The following is in response to Marianne Brunet’s article, Are Small Businesses the Engine of Job Growth?, which appeared last week:

Dear Editor,

All Brunet did in citing Haltiwanger’ research was to argue that small businesses don’t create most jobs. She then worked hard to prove this empty point. It took a bit of word twisting – and presumption – to do it.

Empirically, I believe it is well-established many small businesses fail. Also, it is obvious that the ones that do make it may become vital in creating jobs. It just depends on what you are trying to prove.

Who says that all we need to do is to focus on small businesses? Someone who referred to small businesses as the “engine of growth” did not necessarily mean “at the exclusion of all other businesses.”

Small businesses are by definition a long term engine of growth. If they can’t get traction in the early years, they may never survive to be the larger job creators.

Another way to say it is this: It takes a lot of start-up small businesses for a small number of high-growth firms to prosper and contribute to job creation. All big employers started as a small business. So, how was Reagan wrong when he said “a vigorous small business sector is essential to a productive and competitive economy. … Most of the new jobs actually created are in small private enterprises.”? Does Brunet lean away from him politically? If so, how objective can this article be?

Reagan is wrong, but Obama is not when he said “small businesses have always formed the backbone of the American economy”? This is the implication. Where is the balance?

Yes – equal emphasis should be directed at large firms too to achieve the goal of job creation. Why is it that large successful businesses become pariahs? For instance, the current administration has made it fashionable to refer many profitable companies in pejorative terms (“Big oil,” “Big energy,” “Insurance Companies,” “Wall Street” etc.)? Is this business or job friendly?

It’s as if these businesses are bad because they are profitable. Should businesses not strive to grow ever larger? If they are bad, which businesses are bad, specifically? What did they do wrong?

It is empirically obvious that it takes a lot of small businesses to be born for some high-growth job creators to survive and prosper. I’m sure Reagan would have said as much. If this is true, we still need to focus on being friendly to small businesses. Why is it then that current policy makes it very difficult for small businesses to start-up (they must deal with double taxation on Social Security, worker’s compensation, outrageous tort risk and now an unknown liability for healthcare expenses)?

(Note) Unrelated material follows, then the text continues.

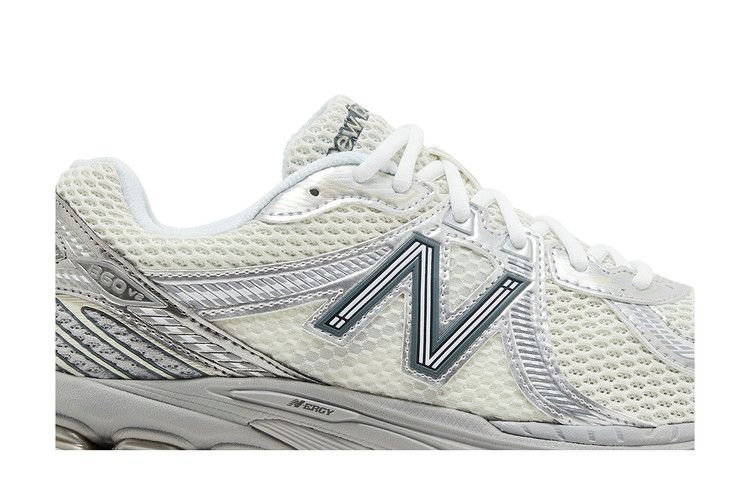 Кроссовки New Balance 860v2 'Sea Salt Harbor Grey'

If larger businesses are so important to jobs, why don’t we also treat them as partners in job growth?

Based on this article, it seems we should now pick the businesses to support based on the size of the business.

Some see private enterprise as a predatory target to be shot, others as a cow to be milked, but few are those who see it as a sturdy horse pulling the wagon. (Winston Churchill)

Larry Eppolito

Chelmsford, MA

P.S. Advisor Perspectives has great articles!